Minor Activity Since the Last Major Event
Since the Old Maid period ended in the late 1790s, Mount Hood has remained largely quiet, with no confirmed magmatic eruption. However, the mountain is not dormant and shows continuous signs of a persistent internal heat source. The most visible evidence of this activity is the presence of fumaroles, or steam vents, clustered near Crater Rock.
These vents release gases primarily composed of water vapor, carbon dioxide (CO2), and hydrogen sulfide (H2S). Steam temperatures generally range between 50 and \(85^\circ\text{C}\), indicating the volcano maintains an active hydrothermal system. Scientists routinely sample these gases to monitor for changes in chemical composition, which could signal new magma rising deep below.
The volcano also experiences frequent, small earthquake swarms, typically occurring one to three times annually. These swarms usually last from a few hours to a few days, located several miles south of the summit at depths around 4 to 7 kilometers. Analysis indicates these seismic events are tectonic in origin, caused by regional stresses on faults rather than magma movement. However, some burst-like swarms are likely caused by the movement of superheated hydrothermal fluids within the mountain’s plumbing system.

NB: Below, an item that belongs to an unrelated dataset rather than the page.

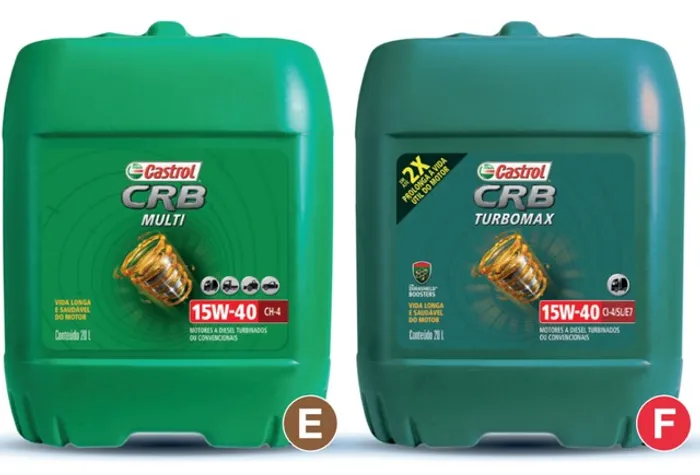 Óleo lubrificante Castrol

Current Status and Future Eruption Potential
Mount Hood is closely monitored by the U.S. Geological Survey (USGS) Cascades Volcano Observatory (CVO). It is currently at a Volcano Alert Level of NORMAL and an Aviation Color Code of GREEN, indicating background, non-eruptive activity. The monitoring network includes an array of instruments to detect the earliest signs of unrest. Broadband seismometers detect small earthquakes, while sensitive GPS receivers measure minute changes in the volcano’s shape, which would indicate ground inflation from rising magma. Gas sensors and annual sampling track the temperature and composition of the fumarole gases near Crater Rock.
Any sudden, persistent increase in seismicity, a significant change in gas chemistry, or measurable ground swelling would prompt an immediate elevation of the alert level. Given its history, Mount Hood is certain to erupt again, though the timing remains unpredictable. The next eruption is expected to be similar to the Old Maid events: slow growth and collapse of a lava dome, accompanied by pyroclastic flows and large lahars. Because of the volume of snow and ice on the mountain, future lahars pose the primary near-term hazard, threatening communities and infrastructure along the Sandy and White River drainages.